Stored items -
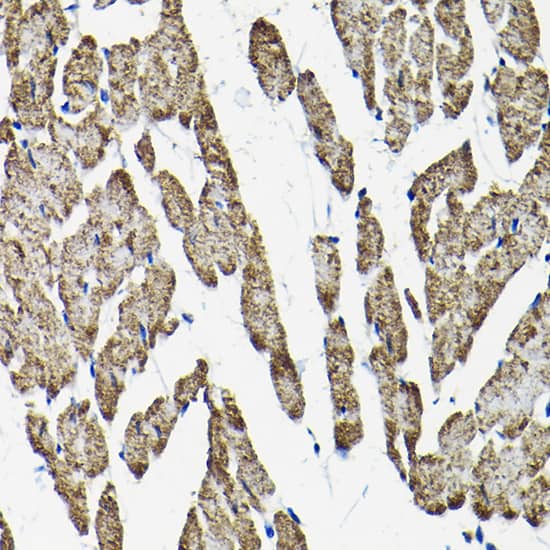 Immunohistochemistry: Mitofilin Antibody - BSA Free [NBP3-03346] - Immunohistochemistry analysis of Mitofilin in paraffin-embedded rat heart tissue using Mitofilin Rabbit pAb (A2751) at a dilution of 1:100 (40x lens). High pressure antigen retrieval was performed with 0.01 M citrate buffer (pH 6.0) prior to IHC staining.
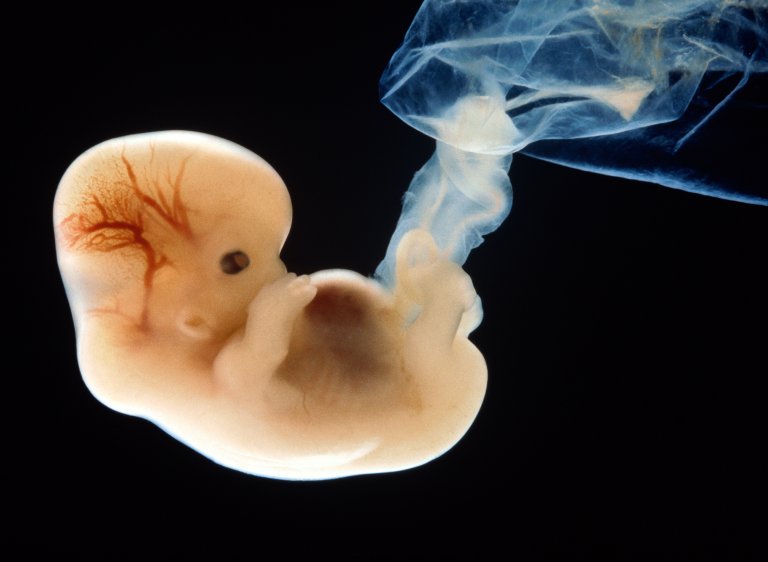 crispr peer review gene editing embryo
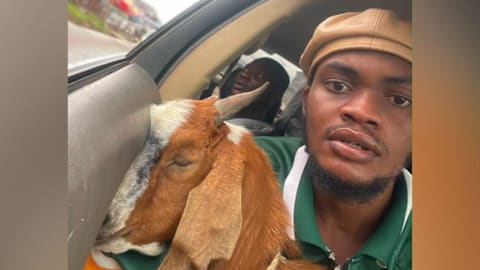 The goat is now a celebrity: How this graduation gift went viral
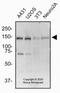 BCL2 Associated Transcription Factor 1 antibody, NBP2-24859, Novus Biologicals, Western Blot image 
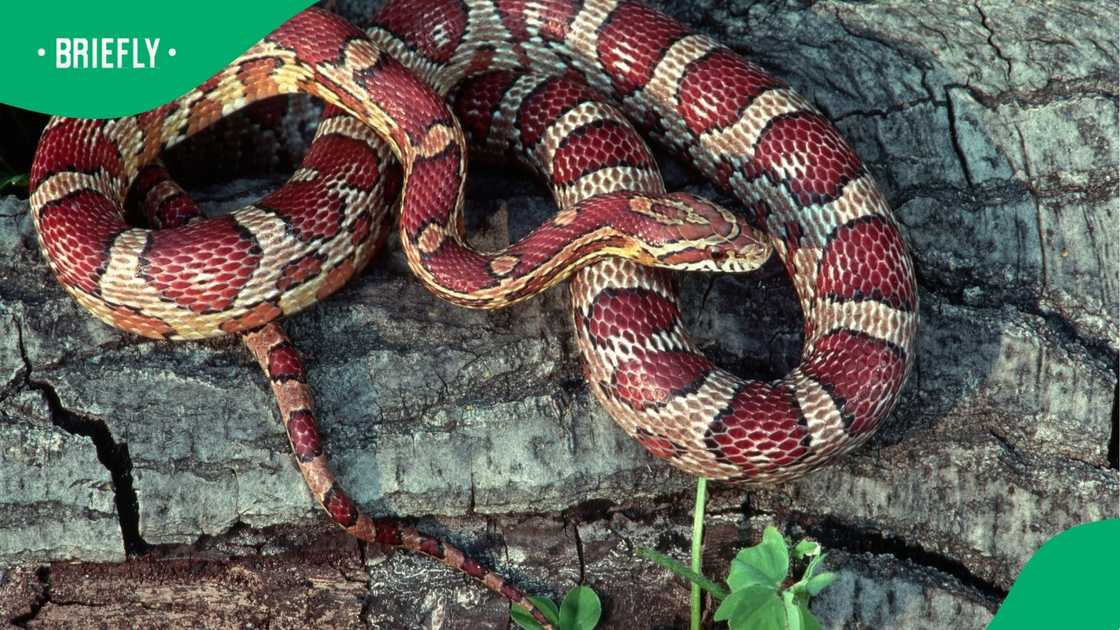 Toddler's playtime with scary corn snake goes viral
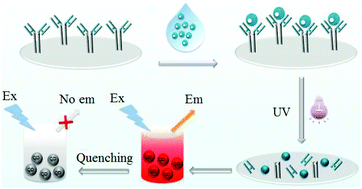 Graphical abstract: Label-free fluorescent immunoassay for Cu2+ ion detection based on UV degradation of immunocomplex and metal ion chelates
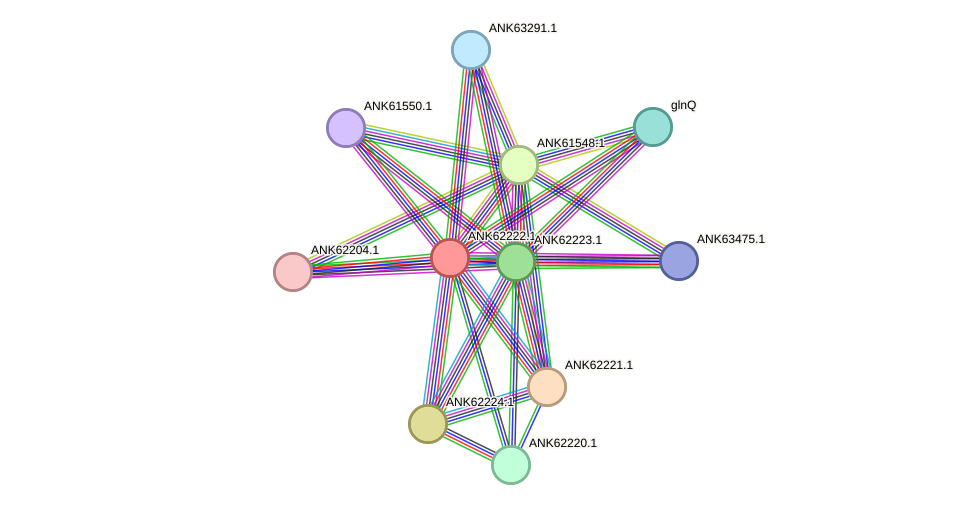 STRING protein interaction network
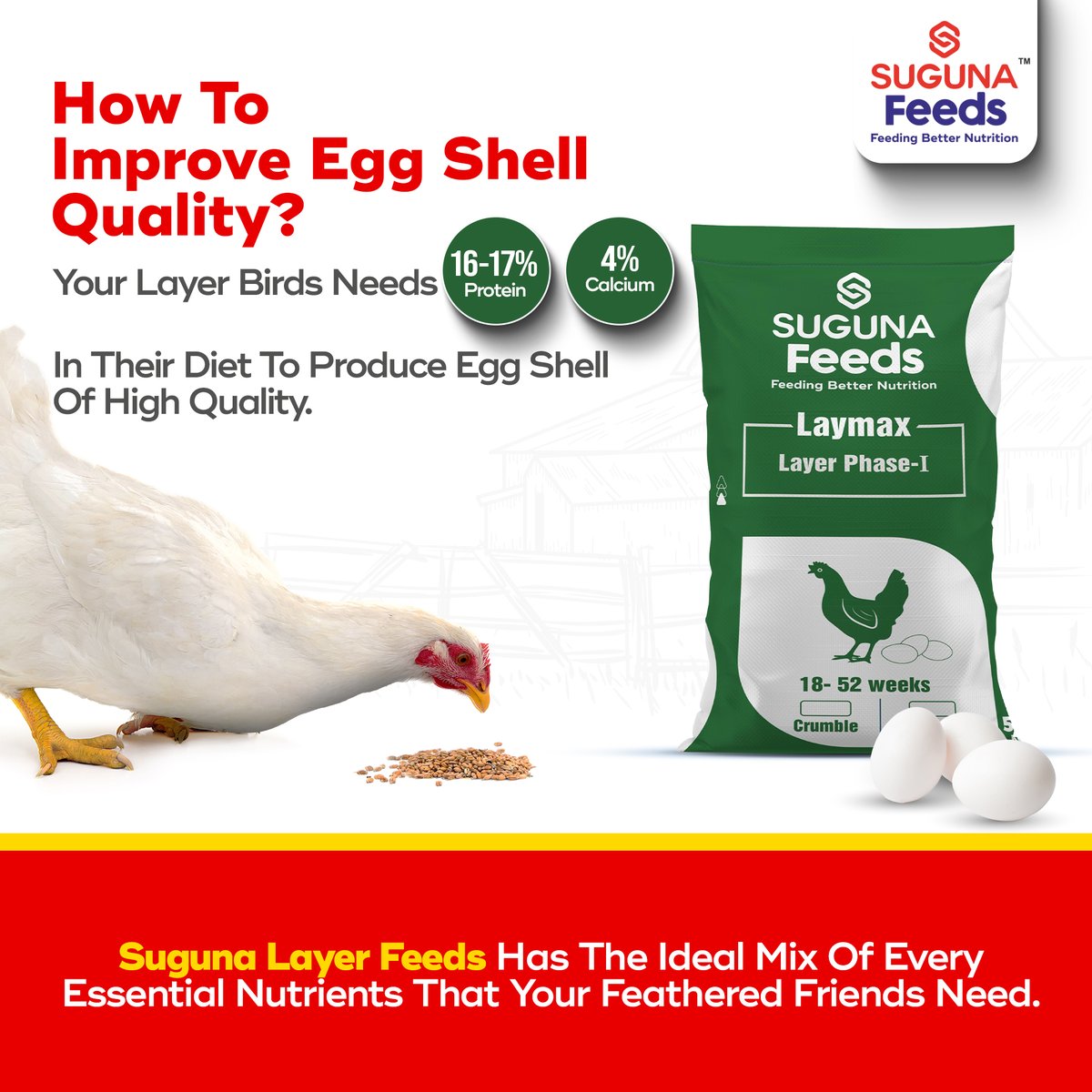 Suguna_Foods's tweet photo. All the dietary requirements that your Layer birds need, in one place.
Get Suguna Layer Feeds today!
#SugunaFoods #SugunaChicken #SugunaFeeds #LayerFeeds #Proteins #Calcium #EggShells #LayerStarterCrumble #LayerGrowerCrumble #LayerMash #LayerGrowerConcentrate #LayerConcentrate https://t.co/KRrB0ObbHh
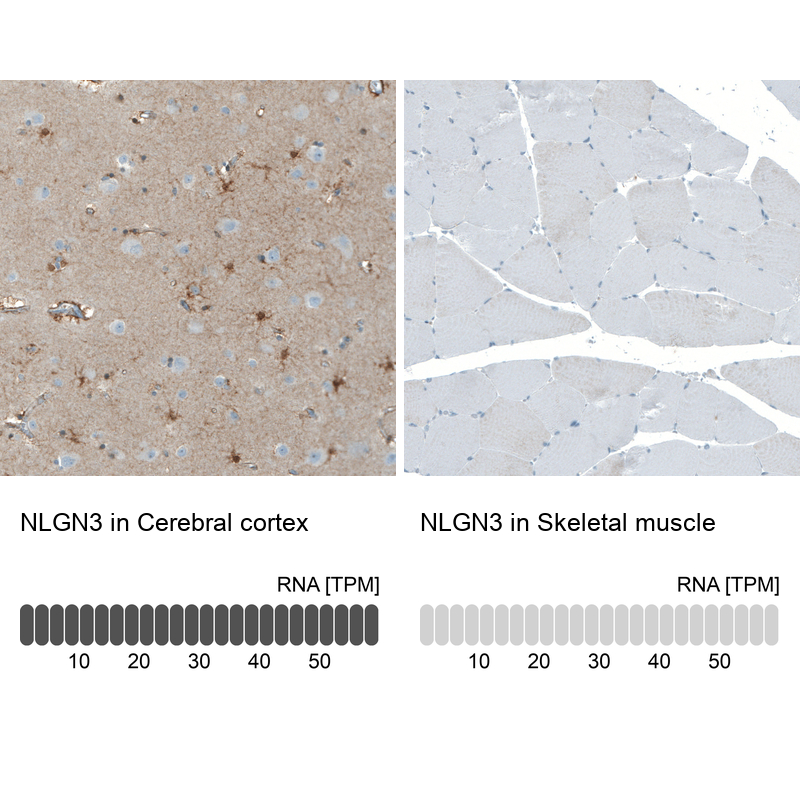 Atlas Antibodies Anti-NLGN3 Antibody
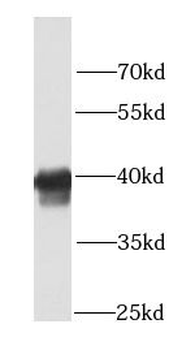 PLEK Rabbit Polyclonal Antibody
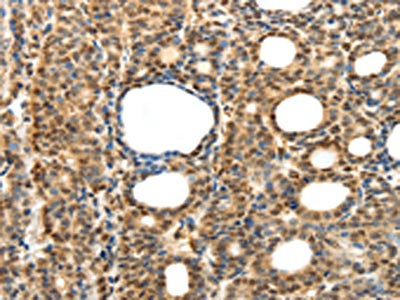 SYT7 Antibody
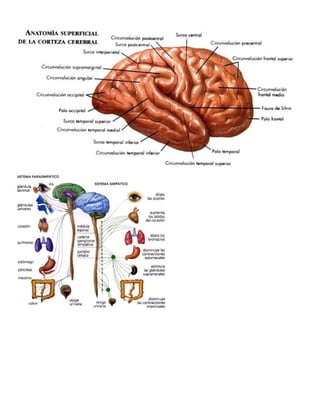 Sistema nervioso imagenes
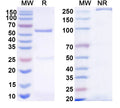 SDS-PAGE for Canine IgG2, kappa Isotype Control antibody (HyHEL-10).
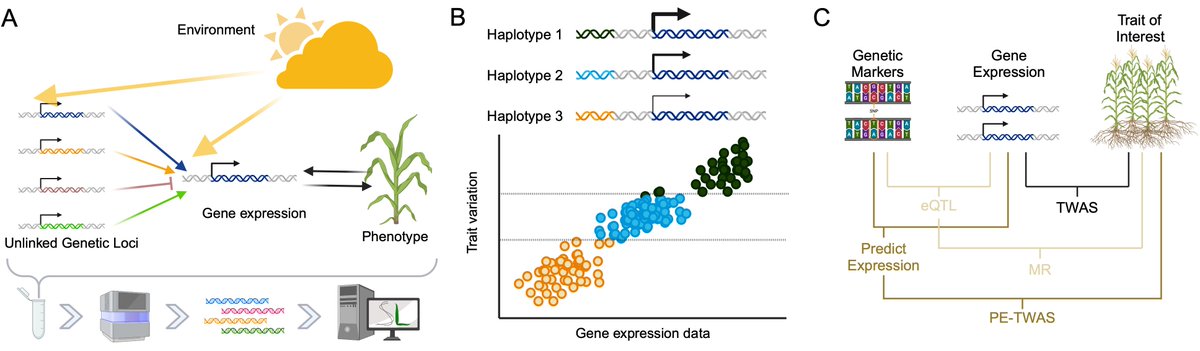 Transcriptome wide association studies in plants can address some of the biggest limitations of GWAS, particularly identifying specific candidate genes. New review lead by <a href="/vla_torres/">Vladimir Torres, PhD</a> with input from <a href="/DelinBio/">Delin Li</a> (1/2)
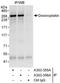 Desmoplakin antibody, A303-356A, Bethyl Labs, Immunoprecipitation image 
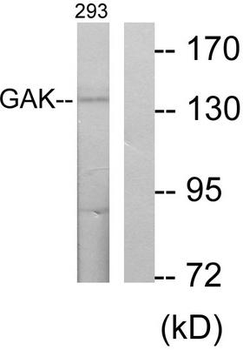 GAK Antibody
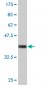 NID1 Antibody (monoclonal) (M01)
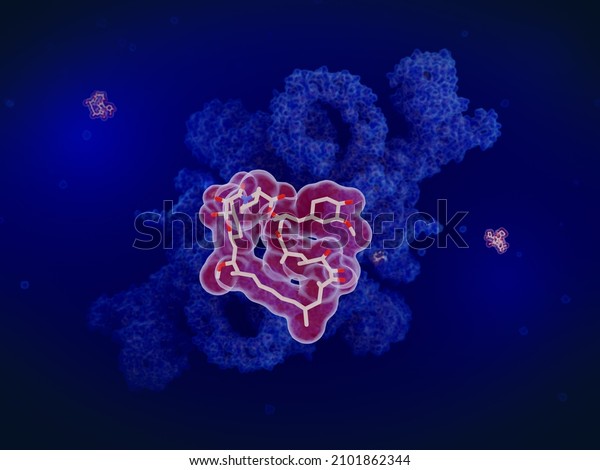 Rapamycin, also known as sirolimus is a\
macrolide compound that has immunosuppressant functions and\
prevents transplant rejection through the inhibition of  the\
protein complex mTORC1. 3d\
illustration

PROBLEM STATEMENT - Leave the images aside and return the records above exactly as written.

WRITTEN SOLUTION -
 Immunohistochemistry: Mitofilin Antibody - BSA Free [NBP3-03346] - Immunohistochemistry analysis of Mitofilin in paraffin-embedded rat heart tissue using Mitofilin Rabbit pAb (A2751) at a dilution of 1:100 (40x lens). High pressure antigen retrieval was performed with 0.01 M citrate buffer (pH 6.0) prior to IHC staining.
 crispr peer review gene editing embryo
 The goat is now a celebrity: How this graduation gift went viral
 BCL2 Associated Transcription Factor 1 antibody, NBP2-24859, Novus Biologicals, Western Blot image 
 Toddler's playtime with scary corn snake goes viral
 Graphical abstract: Label-free fluorescent immunoassay for Cu2+ ion detection based on UV degradation of immunocomplex and metal ion chelates
 STRING protein interaction network
 Suguna_Foods's tweet photo. All the dietary requirements that your Layer birds need, in one place.
Get Suguna Layer Feeds today!
#SugunaFoods #SugunaChicken #SugunaFeeds #LayerFeeds #Proteins #Calcium #EggShells #LayerStarterCrumble #LayerGrowerCrumble #LayerMash #LayerGrowerConcentrate #LayerConcentrate https://t.co/KRrB0ObbHh
 Atlas Antibodies Anti-NLGN3 Antibody
 PLEK Rabbit Polyclonal Antibody
 SYT7 Antibody
 Sistema nervioso imagenes
 SDS-PAGE for Canine IgG2, kappa Isotype Control antibody (HyHEL-10).
 Transcriptome wide association studies in plants can address some of the biggest limitations of GWAS, particularly identifying specific candidate genes. New review lead by <a href="/vla_torres/">Vladimir Torres, PhD</a> with input from <a href="/DelinBio/">Delin Li</a> (1/2)
 Desmoplakin antibody, A303-356A, Bethyl Labs, Immunoprecipitation image 
 GAK Antibody
 NID1 Antibody (monoclonal) (M01)
 Rapamycin, also known as sirolimus is a\
macrolide compound that has immunosuppressant functions and\
prevents transplant rejection through the inhibition of  the\
protein complex mTORC1. 3d\
illustration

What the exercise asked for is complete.